Integrating narrowband PMR networks with broadband LTE networks can provide a winning combination of secure, reliable, mission critical push-to-talk voice and messaging communications with access to fast mobile data services, such as sending and receiving images, video and querying databases. Combining the two technologies also enables voice communications to be extended beyond the coverage area of the PMR radio network and allows two-way radio and cellular smartphone users with a push-to-talk (PTT) app on their device to communicate both within and outside the PMR coverage zone.
There are two main ways to integrate narrowband PMR and broadband LTE networks. The first way interconnects two separate systems using a gateway. This is usually referred to as a ‘hybrid’ network, as it is allows two discrete networks to be interconnected. The second way is to implement a ‘converged’ network, which combines both technologies onto the same service management platform.
Hybrid networks can take a variety of forms. These are largely determined by how the hybrid network manages to access LTE frequency spectrum. If the PMR network operator has no assigned LTE frequency spectrum then the easiest way to access some is to overlay a dedicated broadband service on top of a commercial mobile operator’s network using VPN (virtual private network) technology.
A second way, if again no frequency spectrum is available, is to implement tactical islands of dedicated 4G LTE coverage around key sites using small fixed or mobile LTE base stations. Spectrum would have to accessed via an MNO or other LTE spectrum license holder. Hytera and its subsidiary Teltronic can provide a variety of LTE base stations including fixed, mobile and man-portable.
A third solution is where the PMR network operator is provided with its own dedicated licensed LTE spectrum by a national government or regulator. The operator can then build and operate its own dedicated private LTE network on a local or even national level and use it in conjunction with its existing PMR network.
A more advanced and efficient solution is to combine both PMR and LTE technology onto a single converged platform.
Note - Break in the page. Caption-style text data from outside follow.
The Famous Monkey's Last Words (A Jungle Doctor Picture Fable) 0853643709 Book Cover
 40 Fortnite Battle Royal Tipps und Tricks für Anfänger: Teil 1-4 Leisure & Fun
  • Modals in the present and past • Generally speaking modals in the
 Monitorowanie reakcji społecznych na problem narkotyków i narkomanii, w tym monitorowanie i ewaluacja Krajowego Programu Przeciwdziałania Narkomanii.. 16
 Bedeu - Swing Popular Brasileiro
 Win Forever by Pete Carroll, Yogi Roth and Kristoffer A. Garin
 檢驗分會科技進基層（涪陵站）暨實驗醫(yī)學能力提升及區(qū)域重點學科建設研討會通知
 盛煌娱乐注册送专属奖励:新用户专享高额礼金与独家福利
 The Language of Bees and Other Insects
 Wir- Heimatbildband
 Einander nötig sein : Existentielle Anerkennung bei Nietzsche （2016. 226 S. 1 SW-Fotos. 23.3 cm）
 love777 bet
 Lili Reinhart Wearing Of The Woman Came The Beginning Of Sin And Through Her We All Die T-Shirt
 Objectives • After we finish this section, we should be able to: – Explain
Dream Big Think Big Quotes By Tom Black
For example, in 2017 Hytera launched its narrowband and broadband LTE-PMR Converged Communication Solution, which provides a unified management and services platform for both technologies. The Hytera Base-Band Unit (BBU) supports both LTE and PMR for dual mode operations or to enable a smooth transition from narrowband to broadband. The Hytera Remote Radio Unit has been designed to support multiple modes and standards such as LTE and PMR using a software defined radio (SDR) architecture.
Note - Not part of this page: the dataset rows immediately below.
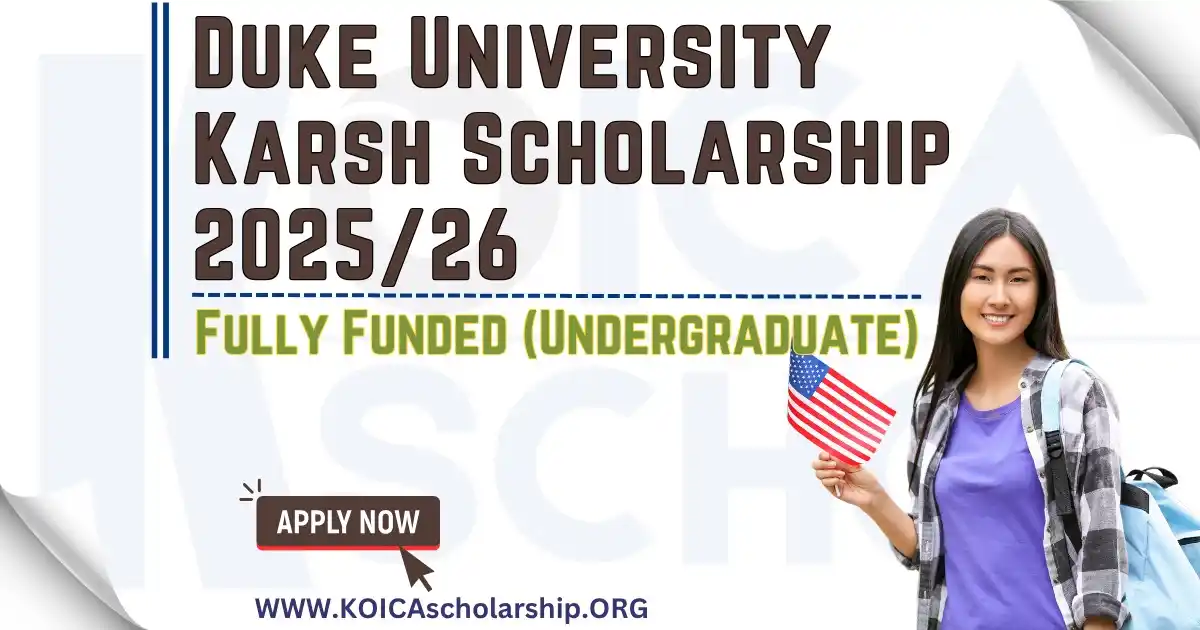 Image from Without IELTS: Fully Funded USA: Karsh Scholarship 2025/26 at Duke University Apply...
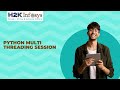 Python Multi Threading Session | Multithreading - Introduction By H2kinfosys  | Free Demo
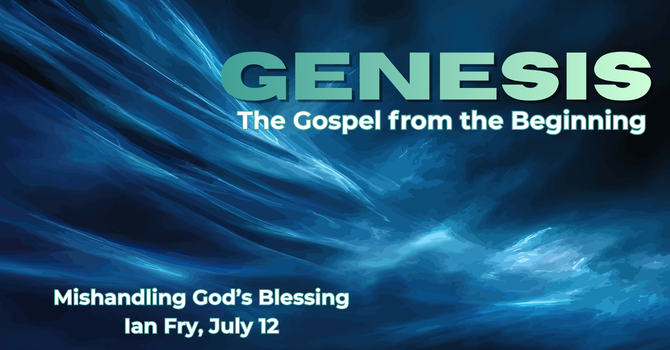 Mishandling God's Blessing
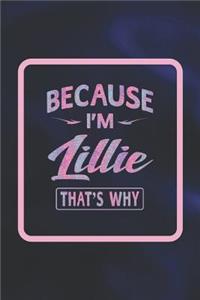 Because I'm Lillie That's Why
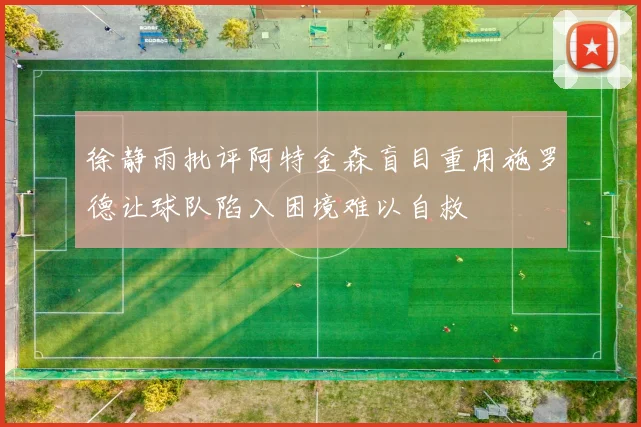 徐静雨批评阿特金森盲目重用施罗德让球队陷入困境难以自救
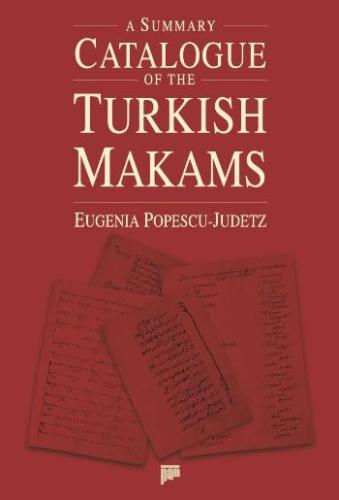 A Summary Catalogue of the Turkish Makams Eugenia Popescu-Judetz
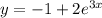 y=-1+2e^{3x}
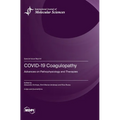 COVID-19 Coagulopathy: Advances on Pathophysiology and Therapies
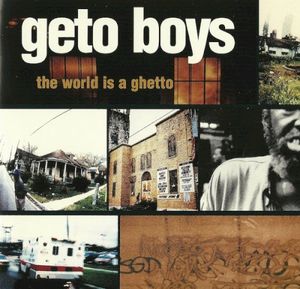 The World Is a Ghetto (Geto clean radio edit)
The key to managing a converged LTE/PMR network is the enhanced Trunking Core (eTC), which delivers a unified platform to manage trunking services provided by both technologies. The Hytera EMS (enhanced management system) provides a unified management for both LTE and PMR and integrates terminal management sub-systems, user policies and so on. For example, this allows the system to identify and manage subscriber IDs and profiles as users move between LTE and PMR networks.
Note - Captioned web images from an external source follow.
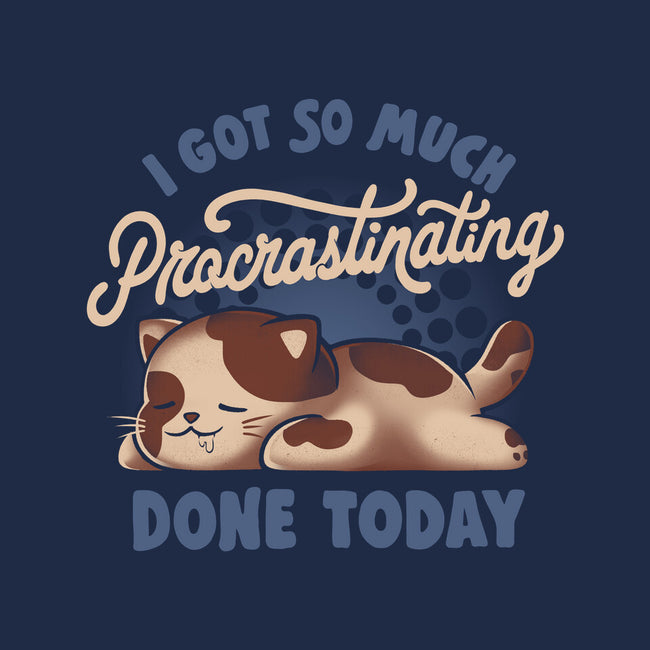 So Much Procrastinating Done-Womens-Basic-Tee-eduely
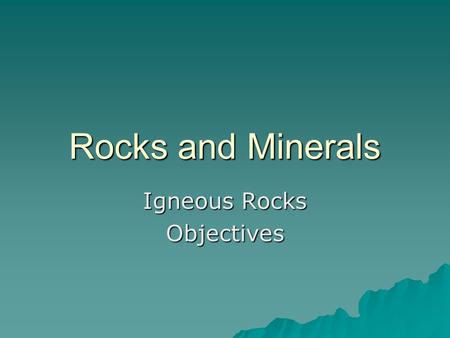 Rocks and Minerals Igneous Rocks Objectives. 1. Distinguish between rocks and minerals 2. List the three major classification groups of rocks 3. Explain.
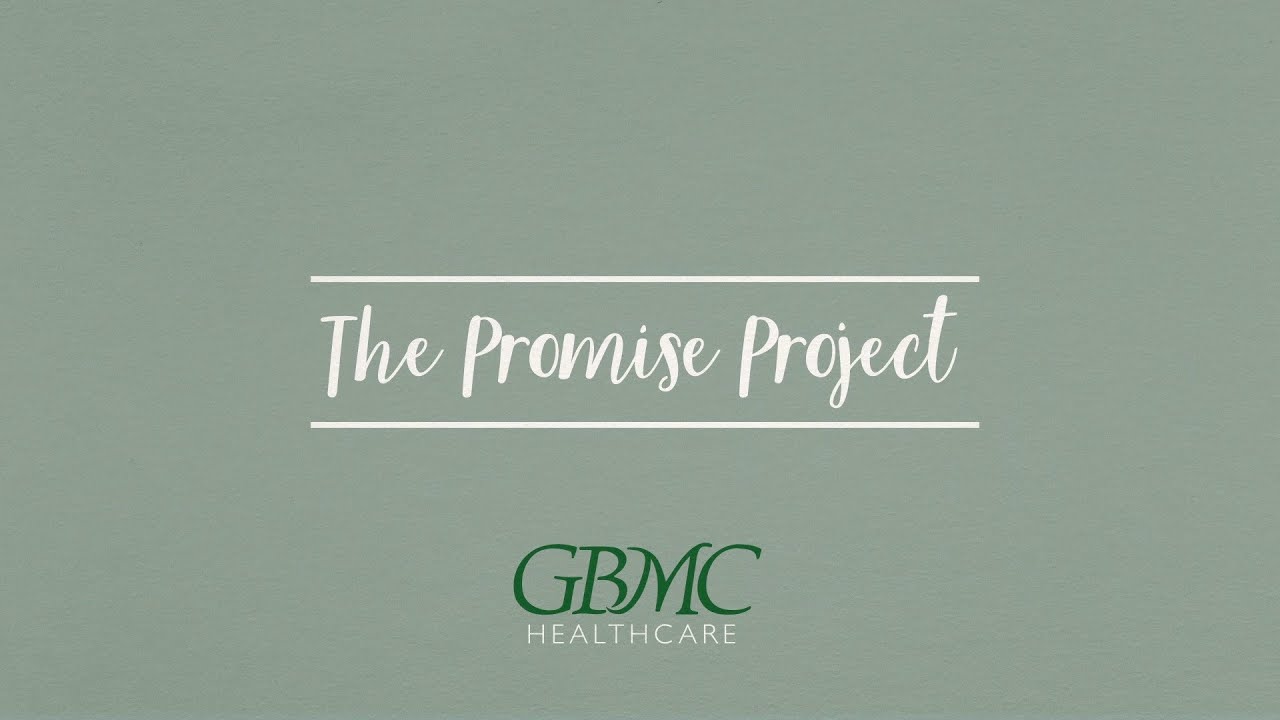The Promise Project - GBMC HealthCare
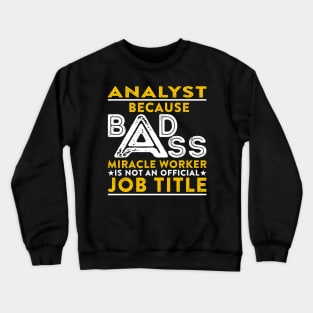 Analyst Badass Miracle Worker Crewneck Sweatshirt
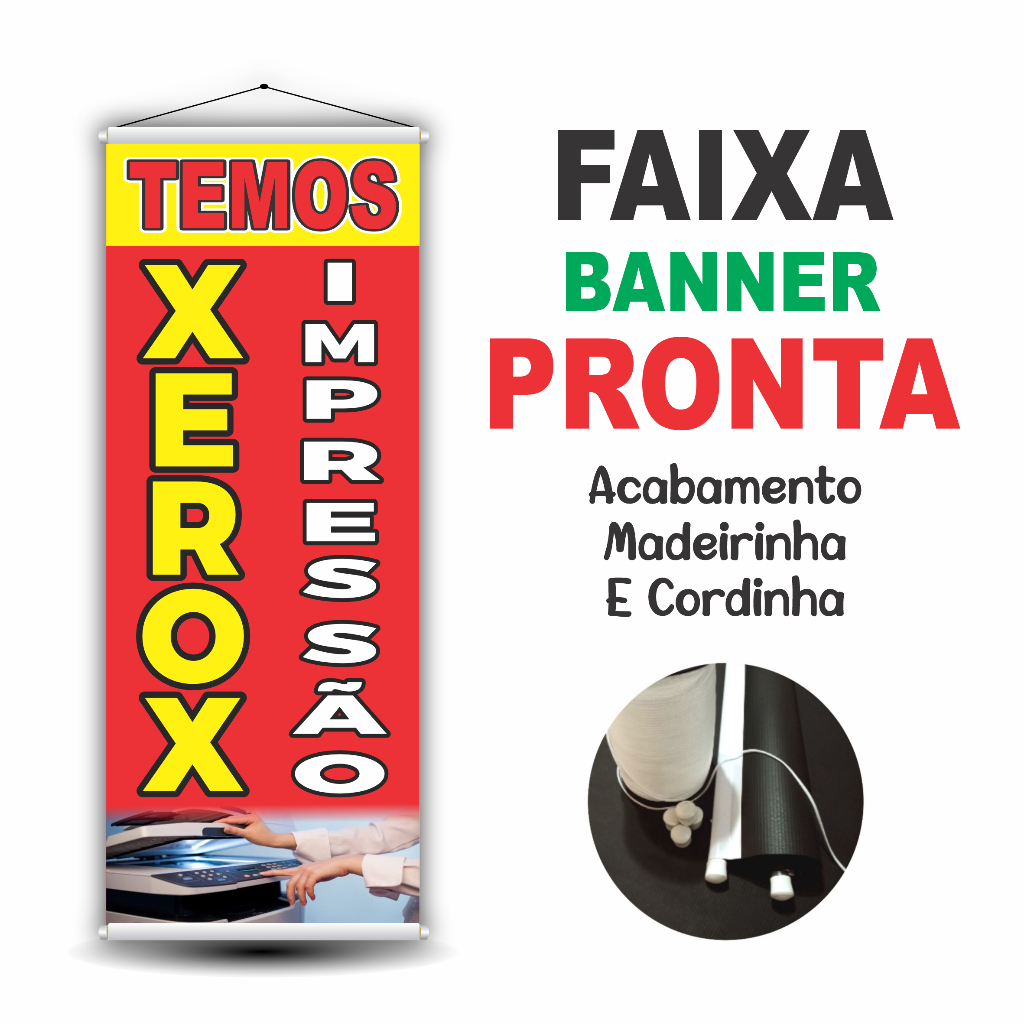 Faixa de banner pronto Xerox/impressão (obs. NÃO HÁ POSSIBILIDADE DE ALTERAÇAO NA ARTE)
Hytera has also developed an integrated base station (iBS), which combines the RRU, BBU and eTC into one small unit. Again, the iBS supports multiple modes, including LTE and PMR. It can be deployed as an outdoor base station within a network or as a discrete, standalone system. The iBS supports multi-site networking, but it can also be used to provide separate narrowband and broadband networks. On the devices side, Hytera offers the PDC760 DMR/LTE and PTC760 TETRA/LTE hand portable, multi-mode Advanced Radios enabling users to switch easily between LTE and PMR modes.
In addition to the multi-mode radios and its extensive portfolio of DMR terminals, Hytera has recently added some Push-to-Talk over Cellular (PoC) LTE devices.